## WHAT THIS TASK INVOLVES:
Every line below must be reproduced exactly. Copy them all.
(RECORDS SHOWN begins)
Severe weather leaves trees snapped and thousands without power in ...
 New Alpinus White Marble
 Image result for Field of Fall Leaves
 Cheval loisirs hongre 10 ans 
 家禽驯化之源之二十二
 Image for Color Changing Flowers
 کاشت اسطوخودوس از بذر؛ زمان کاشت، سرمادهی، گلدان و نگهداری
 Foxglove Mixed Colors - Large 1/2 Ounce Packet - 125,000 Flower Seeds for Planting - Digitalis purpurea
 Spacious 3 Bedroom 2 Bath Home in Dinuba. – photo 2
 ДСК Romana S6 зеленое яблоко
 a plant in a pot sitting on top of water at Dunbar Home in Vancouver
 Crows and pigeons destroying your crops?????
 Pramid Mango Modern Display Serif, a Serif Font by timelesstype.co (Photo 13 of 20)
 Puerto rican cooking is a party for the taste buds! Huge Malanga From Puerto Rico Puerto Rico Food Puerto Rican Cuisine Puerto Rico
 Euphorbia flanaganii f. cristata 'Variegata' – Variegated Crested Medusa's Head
(RECORDS SHOWN ends)
## REPLY TO THE EXERCISE:
Severe weather leaves trees snapped and thousands without power in ...
 New Alpinus White Marble
 Image result for Field of Fall Leaves
 Cheval loisirs hongre 10 ans 
 家禽驯化之源之二十二
 Image for Color Changing Flowers
 کاشت اسطوخودوس از بذر؛ زمان کاشت، سرمادهی، گلدان و نگهداری
 Foxglove Mixed Colors - Large 1/2 Ounce Packet - 125,000 Flower Seeds for Planting - Digitalis purpurea
 Spacious 3 Bedroom 2 Bath Home in Dinuba. – photo 2
 ДСК Romana S6 зеленое яблоко
 a plant in a pot sitting on top of water at Dunbar Home in Vancouver
 Crows and pigeons destroying your crops?????
 Pramid Mango Modern Display Serif, a Serif Font by timelesstype.co (Photo 13 of 20)
 Puerto rican cooking is a party for the taste buds! Huge Malanga From Puerto Rico Puerto Rico Food Puerto Rican Cuisine Puerto Rico
 Euphorbia flanaganii f. cristata 'Variegata' – Variegated Crested Medusa's Head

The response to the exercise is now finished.